Son jumeau calé contre lui, Aspros caressait la chevelure de Deutéros semblable à la sienne, sentant les bras de son jumeau enserrer sa taille. Son petit frère avait indéniablement besoin de lui. Aspros était prêt à tout pour lui.

– Au fait, Deutéros. C'est bientôt Noël. Qu'est-ce qui te ferait plaisir ?

– Que tu arrêtes tes manigances.

– Ce n'est pas un cadeau ça.

– Aspros, tu as toutes les qualités pour devenir Grand Pope. Tu es intelligent, tu es gentil, tu es fort. Tu n'as pas besoin d'en faire trop.

– Ne t'occupe pas de ça. Apprécie mes cajoleries, instruis-toi et entraîne-toi pour devenir le chevalier des Gémeaux à ma place. Ah, je sais, je vais acheter une bonne pièce de bœuf et nous ferons un festin. Ça te va ?

– Oui, ça me va, abdiqua Deutéros.

– Je t'aime petit frère. Rien n'est trop beau pour toi, dit Aspros en avec entrain en resserrant son étreinte.

– Je t'aime aussi, grand frère, répondit le cadet en écho, mais sans la même vigueur.

Plus tard dans la nuit, alors qu'Aspros dormait, Deutéros se leva et descendit au sous-sol aménagé en chambre. C'était sa cachette dans sa journée, suffisamment profonde pour que personne ne puisse l'entendre. Là, il tomba à genoux et pleura tout son saoul. Il n'arrivait pas à croire qu'Aspros soit tombé si bas.

Ce double qu'il admirait tant autrefois, si gentil, si juste. Cet amant extraordinaire, prévenant, adroit, soucieux de lui donner du plaisir. Deutéros adorait Aspros, de toute son existence. Il lui donnerait tout. Sa vie, son corps, son âme, justement parce qu'il croyait en lui, du moins jusqu'à aujourd'hui. Leur rapport avait eu un goût différent.

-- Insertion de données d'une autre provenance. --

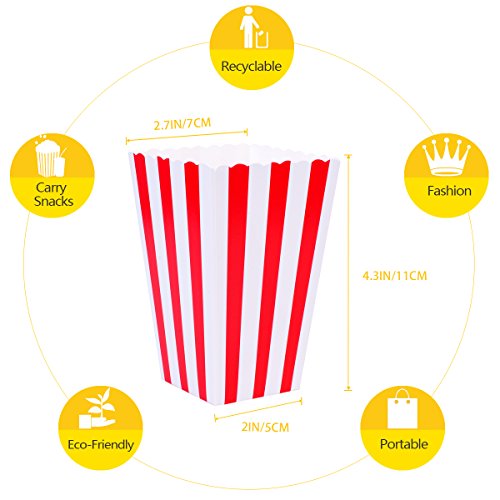 Tankerstreet Bolsas de cartón para Palomitas, Marca, 01, 24 Unidades, Rayas Rojas y Blancas, para Fiestas, niños, Regalos, cumpleaños, Cine, Teatro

Deutéros n'était pas stupide. Il avait bien compris, reconnu cette odeur de sperme et de sueur qui émanait d'Aspros. Séduire le Pope, coucher avec lui, mais jusqu'où irait encore sa démesurée ambition. Deutéros était déçu, mais surtout trahi par la seule personne qu'il aimait en ce monde.

Il aimait éperdument Aspros, mais son attitude le dégoutait.

Les fêtes de Noël s'annonçaient morose cette année.


Note de l'auteur : Merci d'avoir lu

Encore pardon Silver. Je n'arrive pas à écrire un Deuspros doux dans le canon de l'histoire, justement à cause de ce que devient Aspros. J'ai vraiment trop de peine à écrire un Deutéros qui se fourvoie, essaie de se convaincre lui-même qu'il n'y a pas de gros problème avec Aspros, par amour pour lui, alors qu'il voit très bien ce qu'il en ait réellement.

Et j'aime tellement Sage aussi, je suis triste de ce qui lui arrive ici.